# Help: Gravely or CubCadet push Mower



## Robertesq1 (Jun 8, 2008)

I'm thinking about a lite-commercial push mower and am considering either Gravely or CubCadet which are going for around $1,400 anyone have any recommendations on one or the other???


----------



## grandpatractor (Jun 8, 2008)

I've got a gravely commercial zero-turn. They are built real well right here in wisconsin.
Ariens and Gravely are one in the same. Gravely does more commercial and ariens more homeowner.


----------



## Mowingman (Jun 8, 2008)

I was a dealer, (just retired last year), for Cub, Gravely/Ariens, and some other lines of equipment. If you want a real "commercial duty" 21" mower, then rethink your options. Cub makes nothing near a commercial duty mower. Even their best 21" is trash.

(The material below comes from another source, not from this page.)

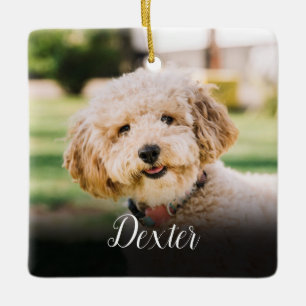 Elegant Pet Memorial Photo Cat Dog Square Ceramic Ornament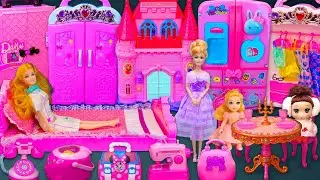 19 Minutes Satisfying with Unboxing Cute Barbie Princess Bedroom Makeup Playset ASMR | My Pink Toys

Gravely offers a commercial mower for about $900.00. We sold several and had very bad luck with them. They are a good heavy mower, but the transmission system is too weak to move such a heavy machine. I can not recommend the Gravely. Gravely/Ariens does make a top-of-the-line homeowner machine that is great. It has a Kawasaki engine and will run forever in homeowner use. Has a great cut also. However, it will not stand up to daily operation on many lawns/day.
For a real "commercial 21" mower, there are only 3 choices.
1. Exmark
2. Toro
3. Snapper
These should all run in the $1000 - $1200.00 range or thereabouts.
Oh, I was also in the commercial mowing business for 25 years, so I do know a little about mowers, which ones work, and which do not.
Jeff


----------



## FLCM (Jun 8, 2008)

I'll second mowingman, when it comes to commercial 21" mowers nothing beats the Toro Proline/Exmark mowers. The self propelled trans in those machines is indestructible and the quality of cut mulching is great.


----------



## Robertesq1 (Jun 8, 2008)

Mowingman I really appreciate your help. I was actually thinking about a 32-36 two blade push mower in the $1,500-$2,500 range (heavy homeowner/lite commercial range. I was looking at the Gravely at my JD deraler and the cub cadet at lawntractor, some peoplew have reccommended the Toro pro series (they are at the top of my range) . What say you??


----------



## Mowingman (Jun 8, 2008)

Ok, there are some homeowner machines in the 33" size, but they are junk. Cub, Troybilt, and now Ariens/Gravely have these machines. I don't recommend any of them.
For the upper end of your price range, you can buy a really heavy duty, commercial, belt-drive 32/34/or 36" walkbehind machine. The Cub Commercial machines are again, junk. However, one of the best built commercial walkbehinds on the market is the Gravely 32" belt-drive machine. Built like a tank, great cut, easy to change cutting height, and lots of standard features not found on other brands of similar machines. The Gravely 36" is another good one, but might be above your price. The 32" was our best seller due to the fact it will fit through a 36" gate. No 36" machines will go through 36" gates.
The Toro commercial is a good one also. I owned one, but the Gravely has a lot better standard features. I hated the Toro "T bar" steering system.
If you zero in on a make and specific model, post here and I can let you know what experience I have with that specific machine.
Jeff


----------



## Robertesq1 (Jun 8, 2008)

Mowingman said:


> Ok, there are some homeowner machines in the 33" size, but they are junk. Cub, Troybilt, and now Ariens/Gravely have these machines. I don't recommend any of them.
> For the upper end of your price range, you can buy a really heavy duty, commercial, belt-drive 32/34/or 36" walkbehind machine. The Cub Commercial machines are again, junk. However, one of the best built commercial walkbehinds on the market is the Gravely 32" belt-drive machine. Built like a tank, great cut, easy to change cutting height, and lots of standard features not found on other brands of similar machines. The Gravely 36" is another good one, but might be above your price. The 32" was our best seller due to the fact it will fit through a 36" gate. No 36" machines will go through 36" gates.
> The Toro commercial is a good one also. I owned one, but the Gravely has a lot better standard features. I hated the Toro "T bar" steering system.
> If you zero in on a make and specific model, post here and I can let you know what experience I have with that specific machine.
> Jeff



Thanks Mowingman kudos on the way.... The Gravely 32/34 are around $3,000.00 really more than I wanted to spend. Might I be better with the EXmark 26 Metro Mower at $1600???


----------



## Mowingman (Jun 8, 2008)

Robertesq1 said:


> Thanks Mowingman kudos on the way.... The Gravely 32/34 are around $3,000.00 really more than I wanted to spend. Might I be better with the EXmark 26 Metro Mower at $1600???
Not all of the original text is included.